WHAT IS REQUIRED: Reproduce exactly only the lines from the line that holds "Dubai, Clarendon Acheter" to the line that holds "Goyard Wallets &", inclusive, in the listing below, and please leave out every picture.

RECORDED INFORMATION:

——

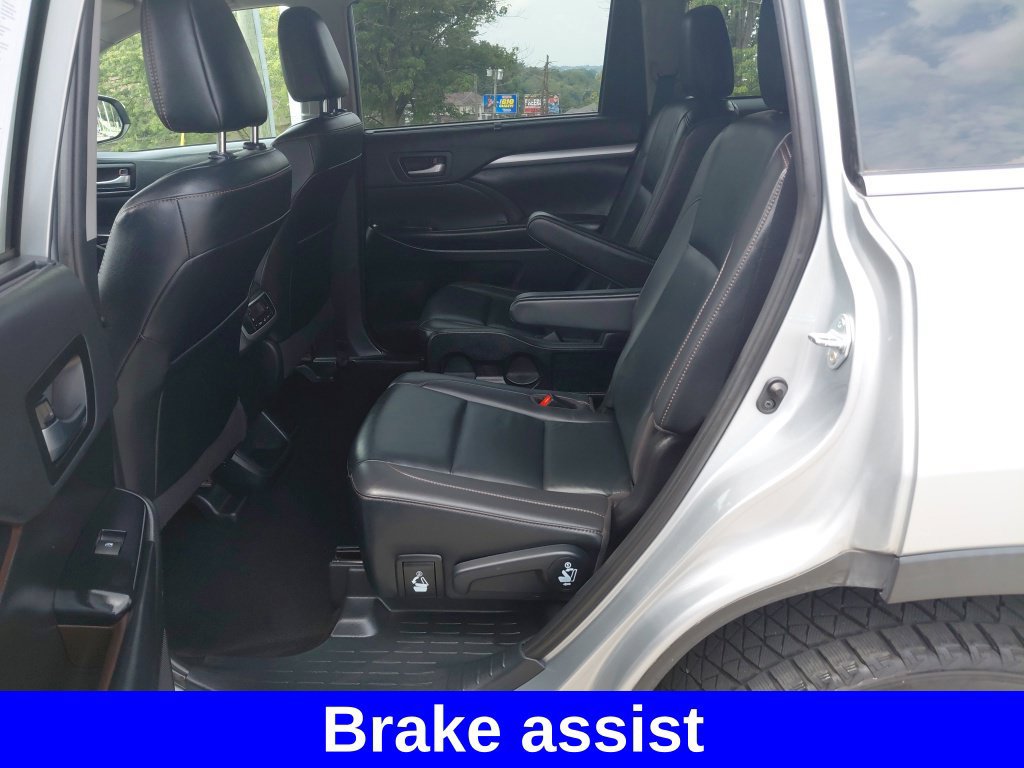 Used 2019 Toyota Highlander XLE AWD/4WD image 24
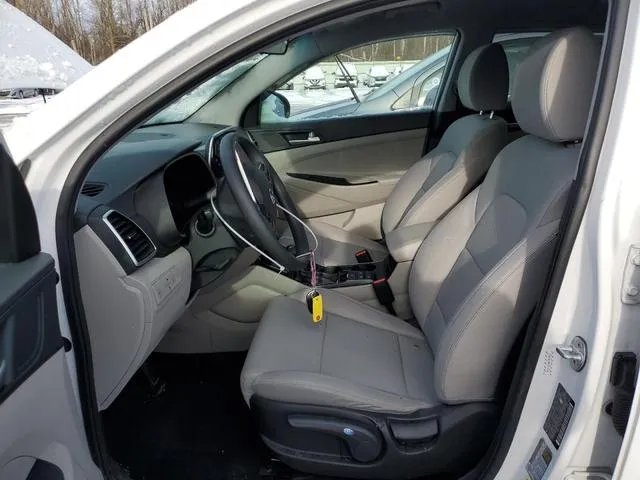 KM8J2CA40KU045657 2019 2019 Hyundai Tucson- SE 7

——

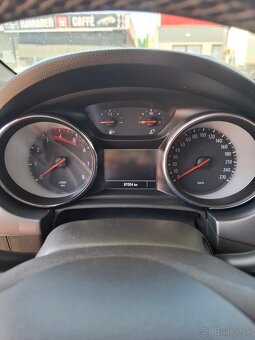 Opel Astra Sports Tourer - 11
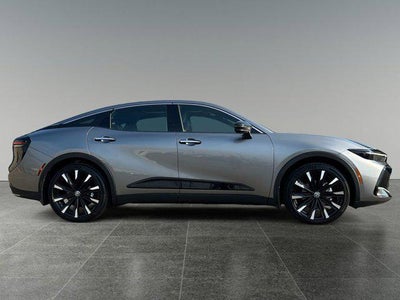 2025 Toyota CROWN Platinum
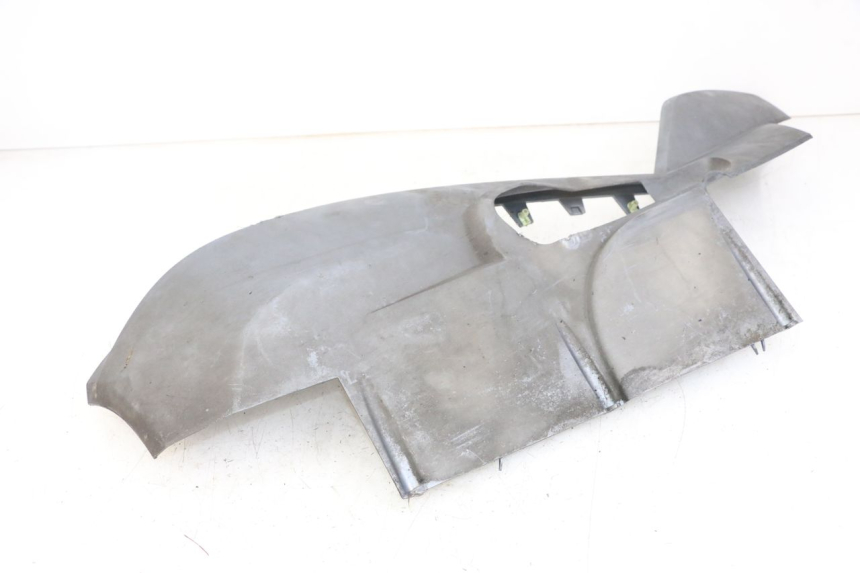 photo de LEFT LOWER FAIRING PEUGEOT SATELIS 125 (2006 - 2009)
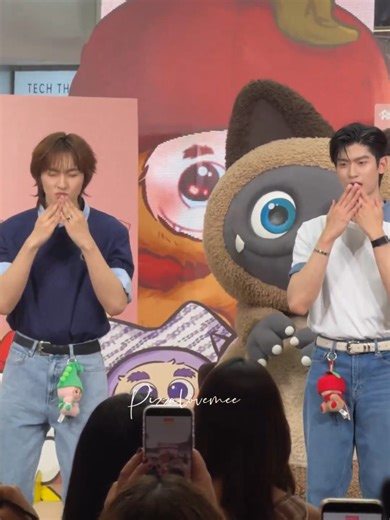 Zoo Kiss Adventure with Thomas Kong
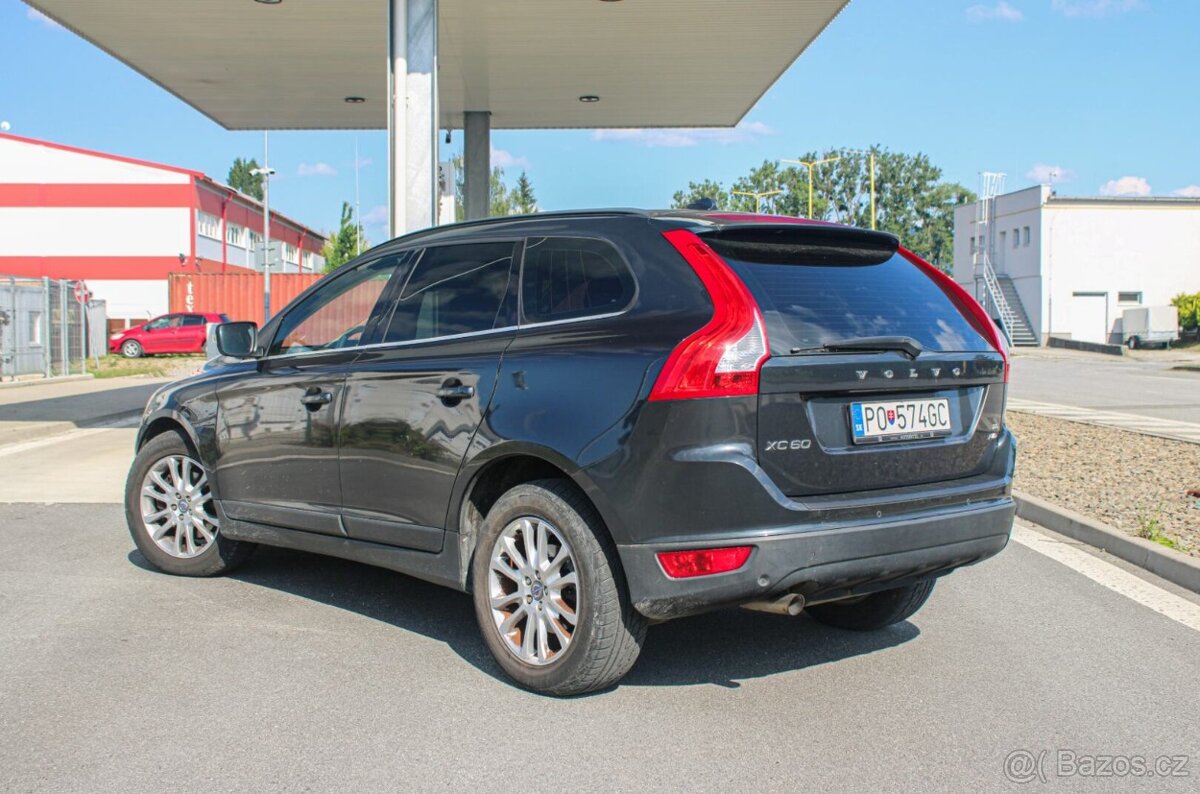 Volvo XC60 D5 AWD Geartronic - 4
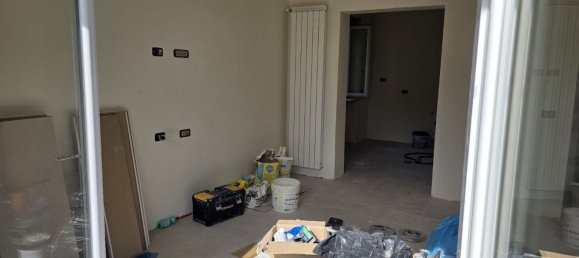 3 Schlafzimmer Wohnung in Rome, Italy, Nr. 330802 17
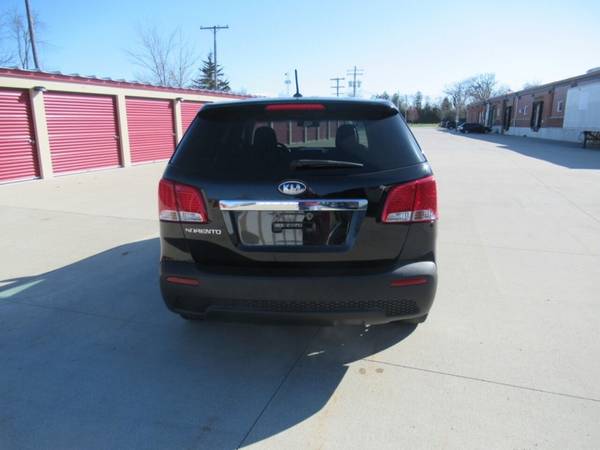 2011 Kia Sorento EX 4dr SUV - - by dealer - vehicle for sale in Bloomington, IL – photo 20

——

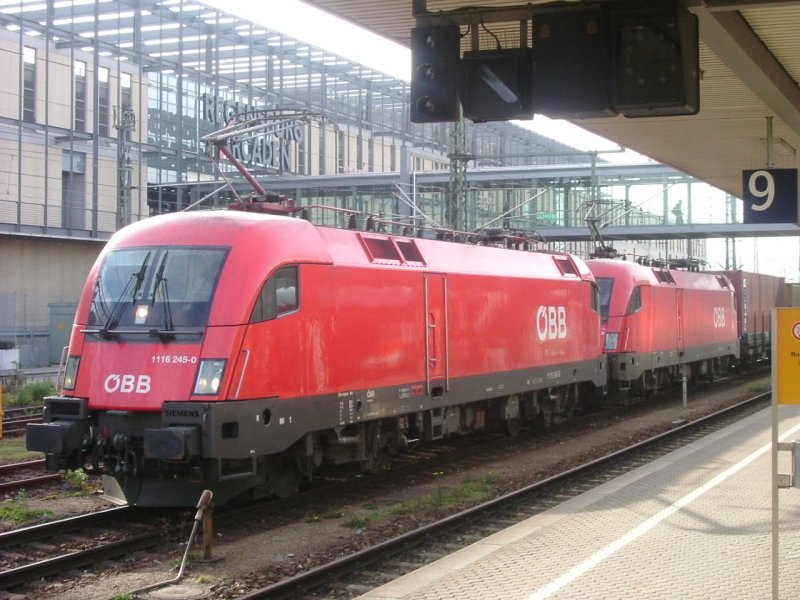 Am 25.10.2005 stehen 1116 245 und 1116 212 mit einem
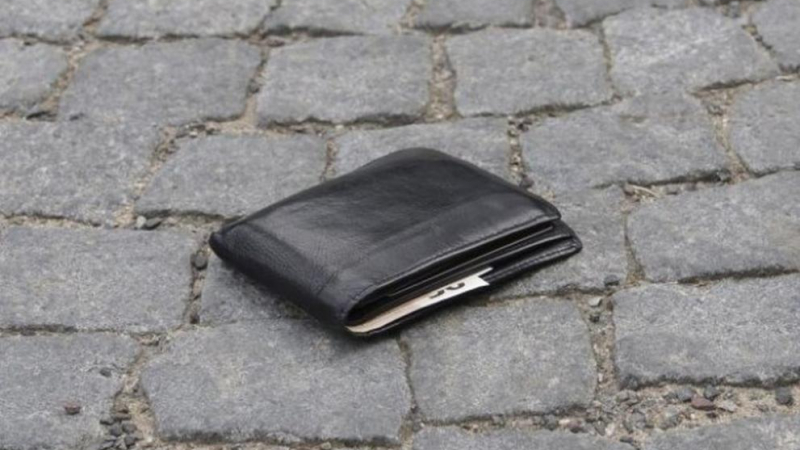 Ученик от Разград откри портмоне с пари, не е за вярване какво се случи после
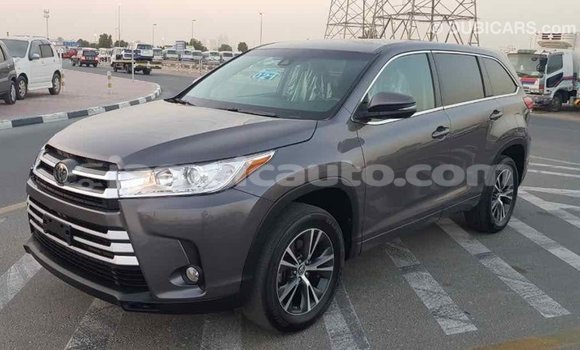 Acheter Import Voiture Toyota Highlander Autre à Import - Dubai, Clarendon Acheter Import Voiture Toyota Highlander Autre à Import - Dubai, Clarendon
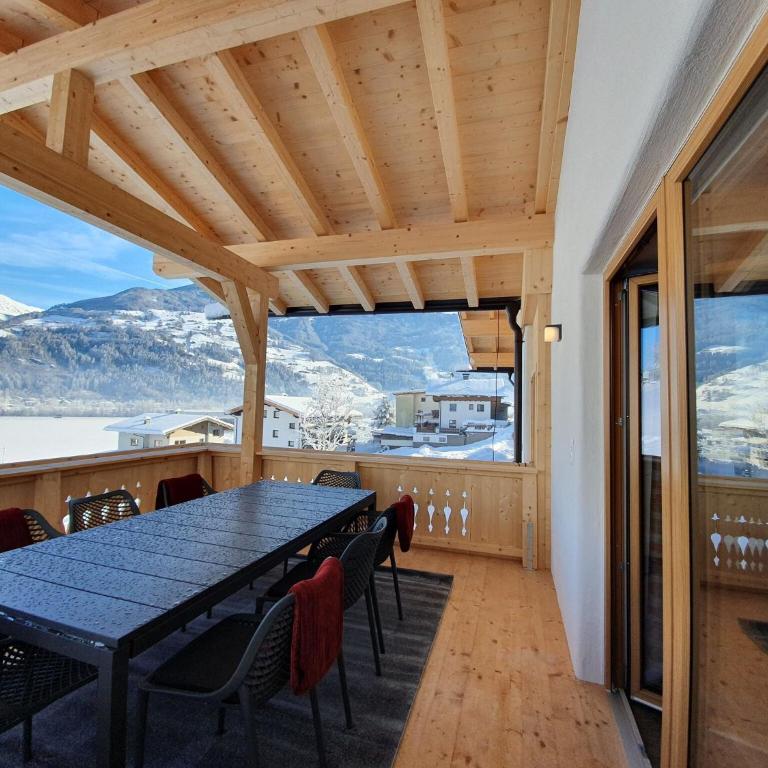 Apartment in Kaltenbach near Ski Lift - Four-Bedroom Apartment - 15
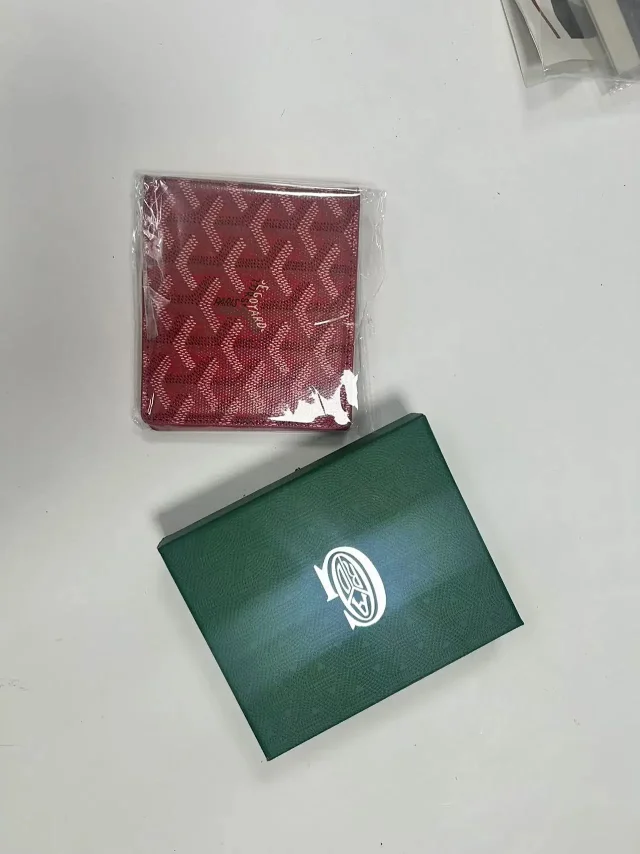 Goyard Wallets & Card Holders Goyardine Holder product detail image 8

——

ANSWER SPACE:
 Acheter Import Voiture Toyota Highlander Autre à Import - Dubai, Clarendon Acheter Import Voiture Toyota Highlander Autre à Import - Dubai, Clarendon
 Apartment in Kaltenbach near Ski Lift - Four-Bedroom Apartment - 15
 Goyard Wallets & Card Holders Goyardine Holder product detail image 8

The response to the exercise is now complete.